[Stored records]
* * * * * * *
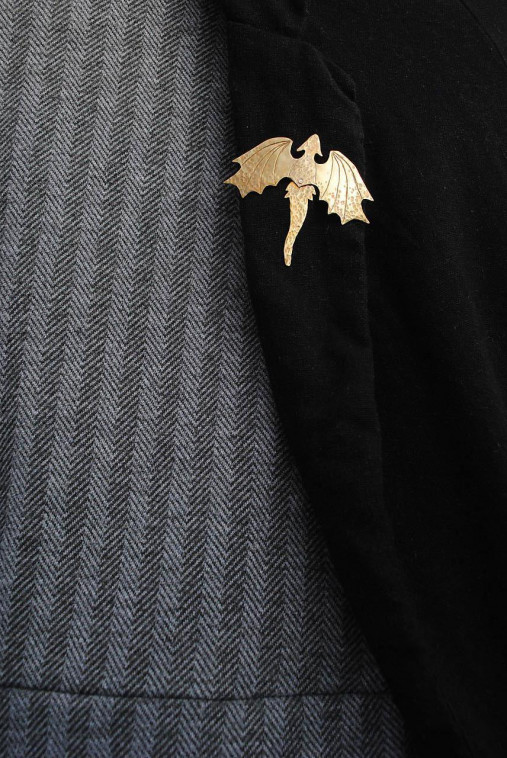 Mosadzná brošňa Drak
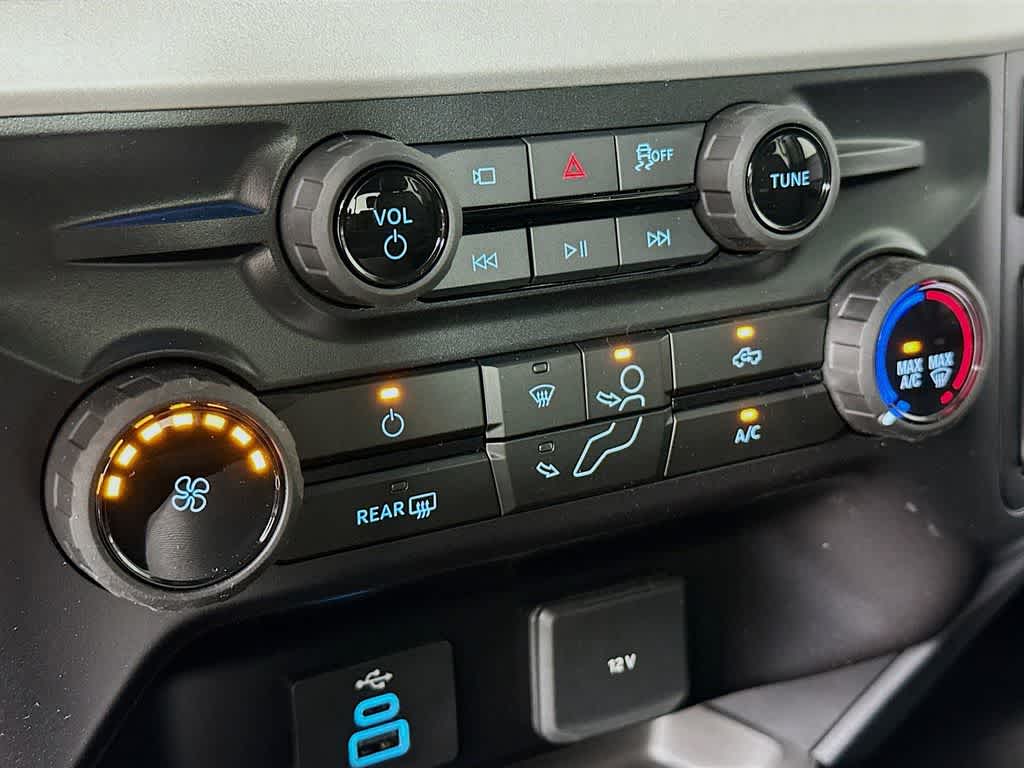 Thumbnail: 2025 Ford F-250 - 16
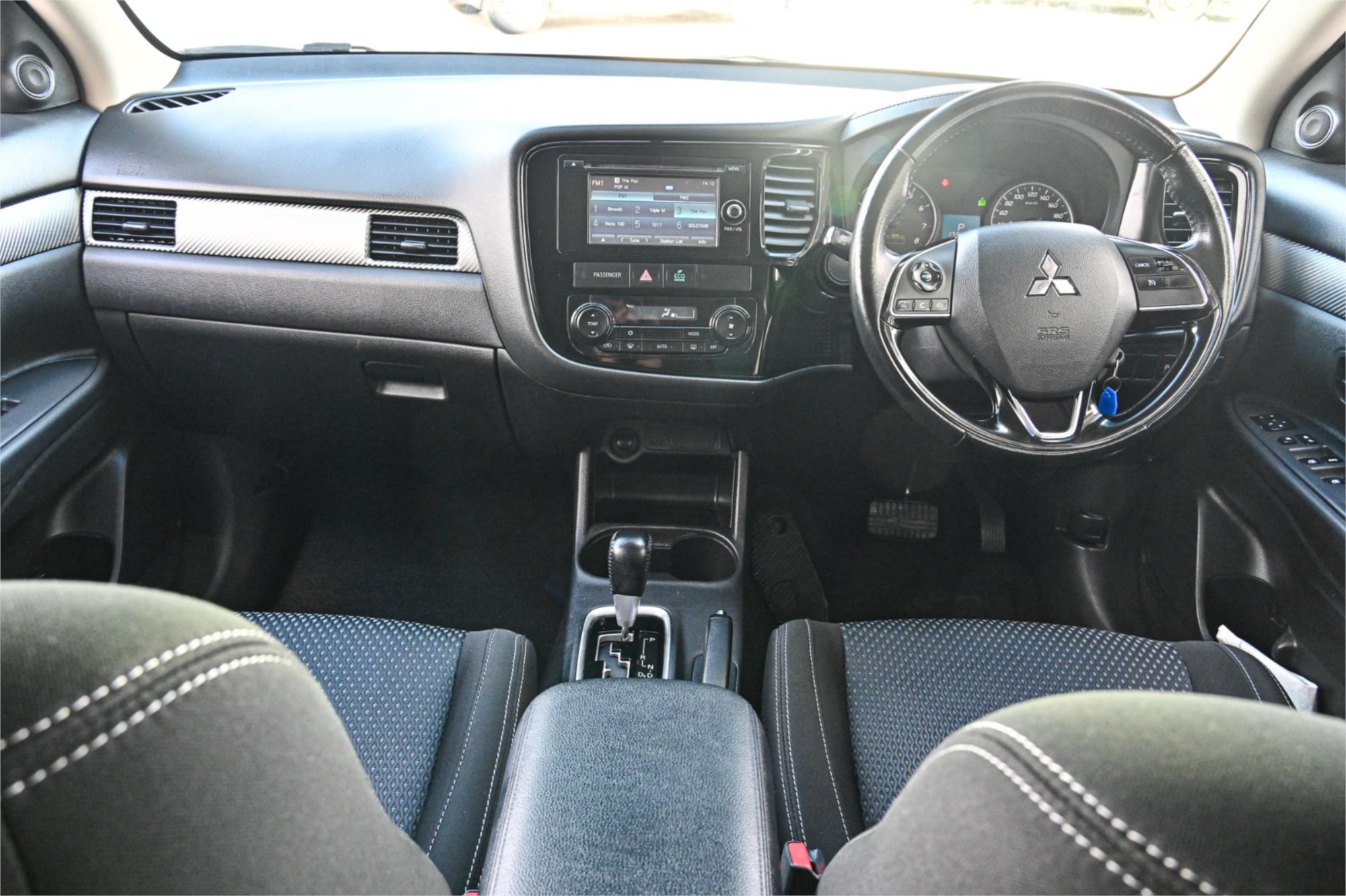 2016 MITSUBISHI OUTLANDER ZK MY16 LS (4x2) CONTINUOUS VARIABLE 4D WAGON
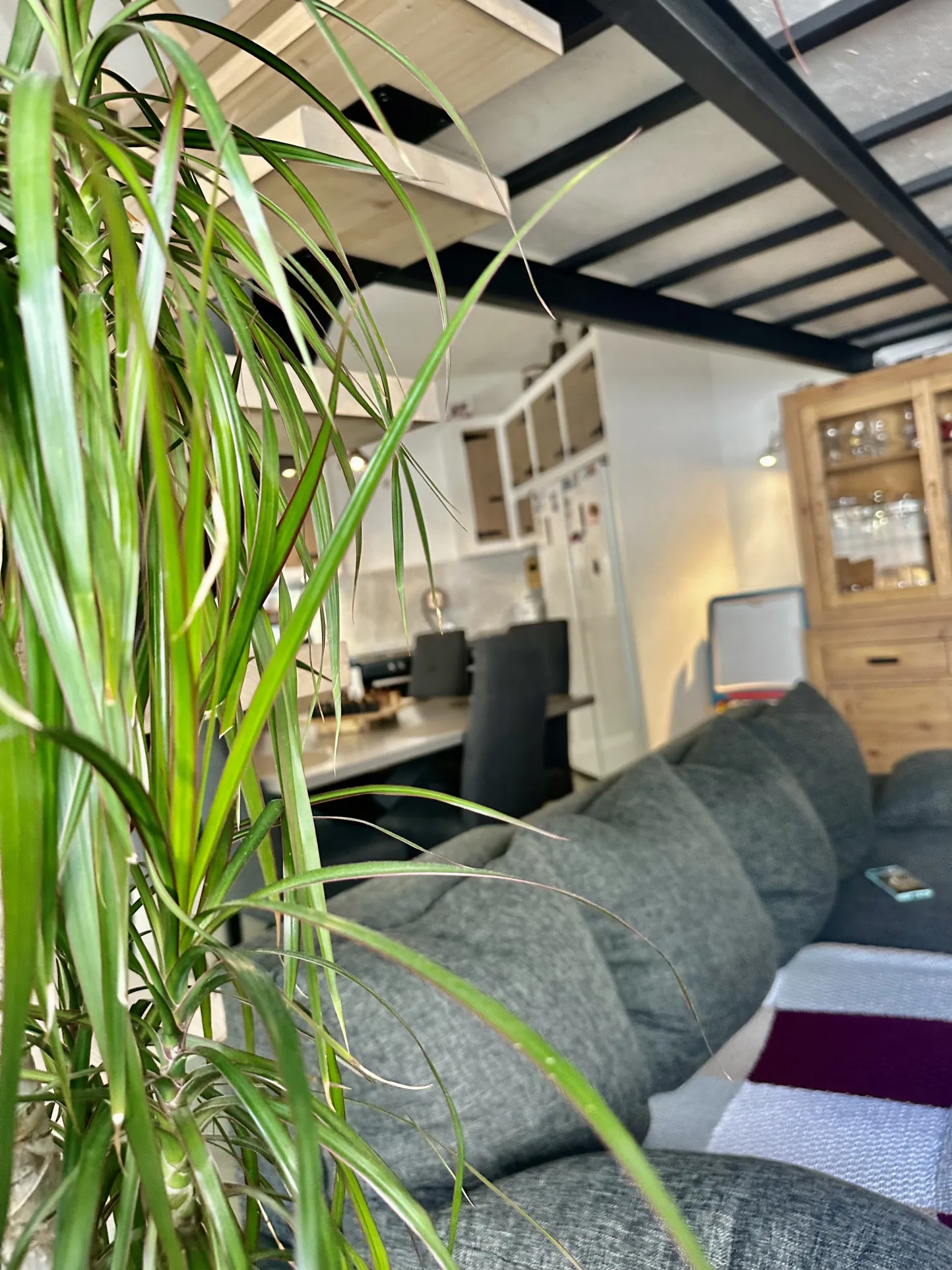 Appartement T4 rénové à Alès proche de la gare – Spacieux et moderne 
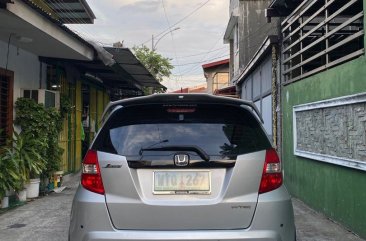 Selling White Honda Jazz 2013 in Manila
* * * * * * *
* _Prompt_
A word-for-word repeat of the lines from the line with "2016 MITSUBISHI OUTLANDER" to the last line of the data, both ends included and pictures left out, is all that should appear.

* _Solution_
 2016 MITSUBISHI OUTLANDER ZK MY16 LS (4x2) CONTINUOUS VARIABLE 4D WAGON
 Appartement T4 rénové à Alès proche de la gare – Spacieux et moderne 
 Selling White Honda Jazz 2013 in Manila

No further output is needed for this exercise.